As with PC’s there are wild variations of specifications as each manufacturer brings their own designs and configurations to the table.
Of course this has a massive impact on the prices, of the ones that gave a price, they ranged from between $500 to $6000.
I thought about the huge price range and how that could negatively impact the machines, but as with anything PC related you get what you are willing to pay for, it makes sense to allow PC gamers to “customise” their machine by offering choice.
Why do I need another high spec machine when what I have is perfectly capable of running the games I want?
The answer is that you shouldn’t (aside from showing off to your console friends ofc).
In the back of my head there was a small voice that screamed “overkill” as I was looking at the specs of the Steam machines. Sure for the games that release with SteamOS compatibility, they will enjoy the best the machine can offer, but it’s not clear how many future titles will run in native SteamOS, initially or long term.

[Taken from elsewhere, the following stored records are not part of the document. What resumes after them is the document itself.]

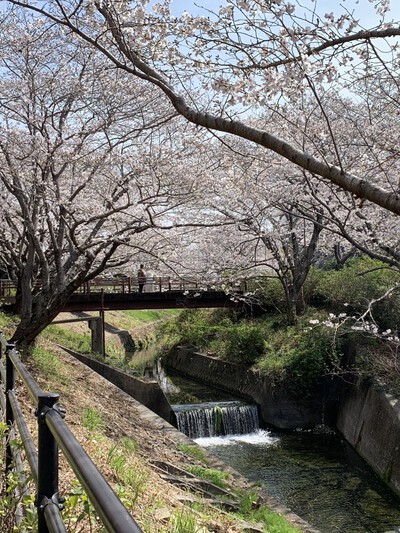 25年桜『花川公園の桜並木』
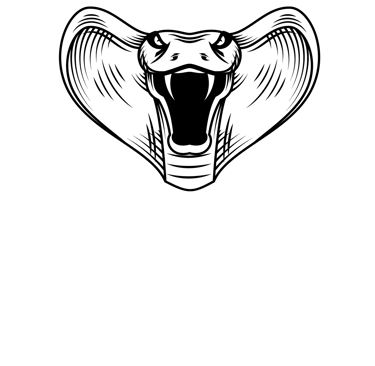 Investigadores Detectives Privados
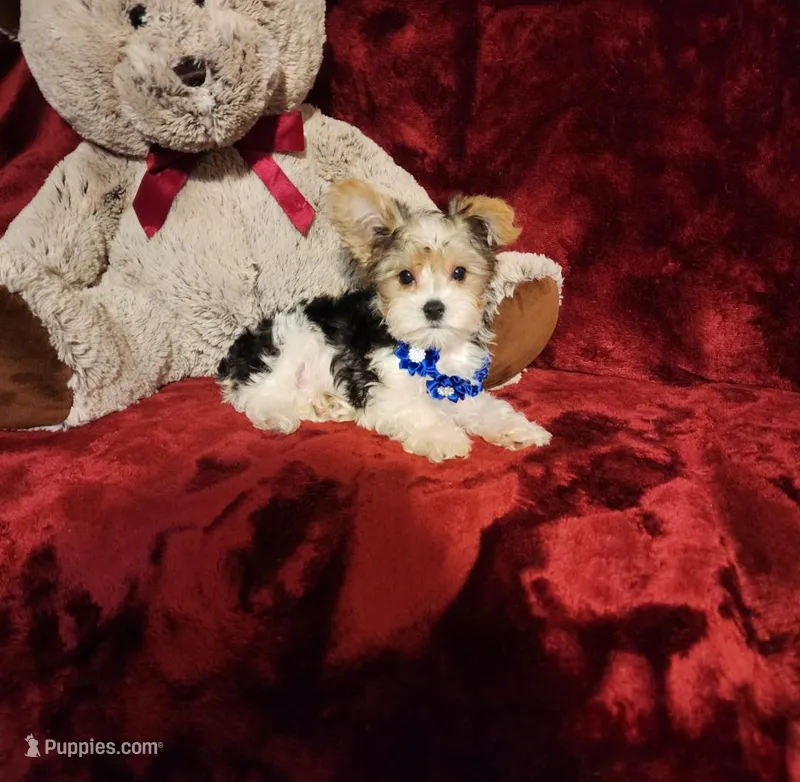 JESTER – Yorkshire Terrier puppy for sale in Polk City, FL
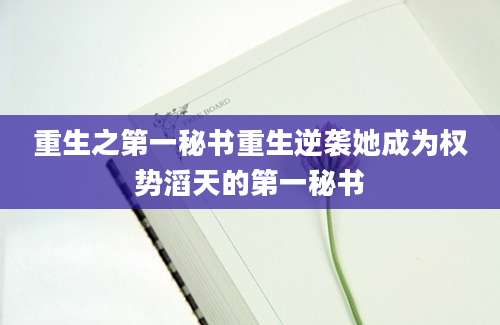 重生之第一秘书重生逆袭她成为权势滔天的第一秘书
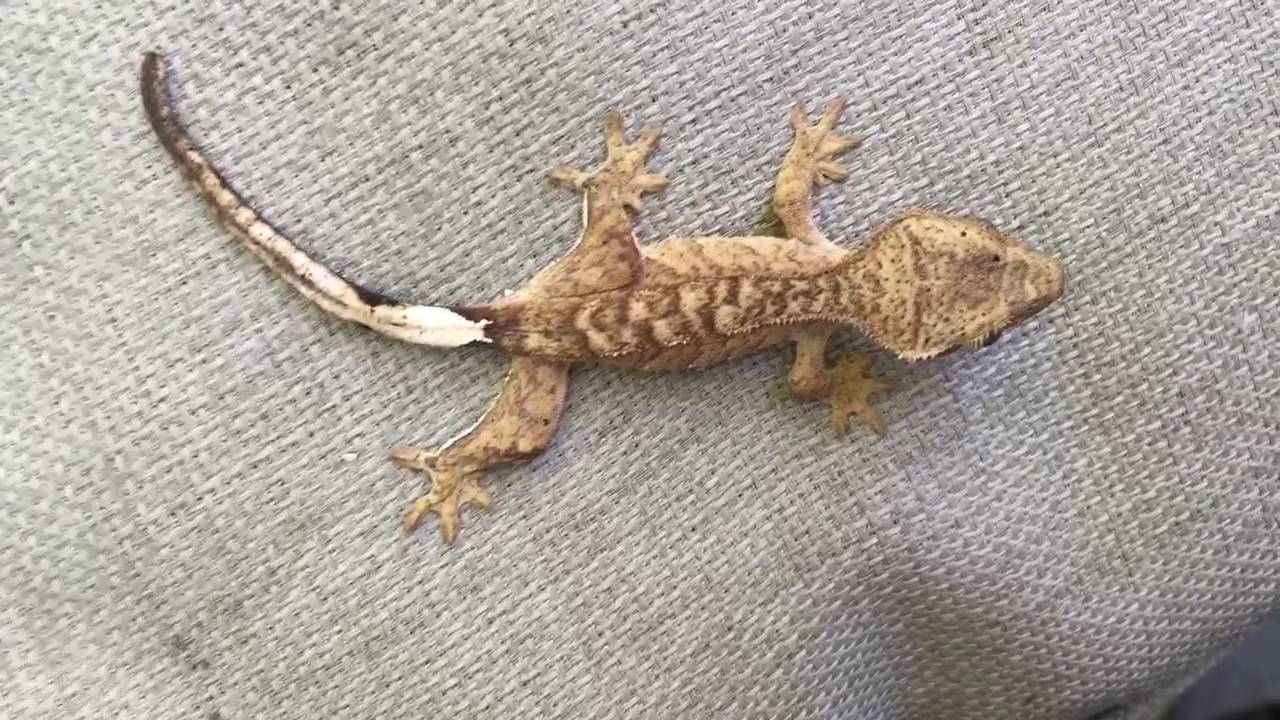 HANDLING YOUR BABY CRESTED GECKO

For me the biggest feature that I am keen to get my hands on is the Streaming from my Windows machine.
Since my PC can handle the heavy work of rendering the game, all my Steam Box theoretically needs to do it display that for me to play the game from the living room.
Dual-OS has been pitch on some of them, which would mean you could reduce your PC count if you wanted, but I’m not overly keen on loosing my desktop PC just yet.
Talking of small machines, I originally started looking at hardware back when SteamOS was announced and found this nice video looking at The Cool master Elite 130 case and installing a nice selection of kit. I’d not want that much to begin with but having a case that can handle more in the future isn’t a bad idea.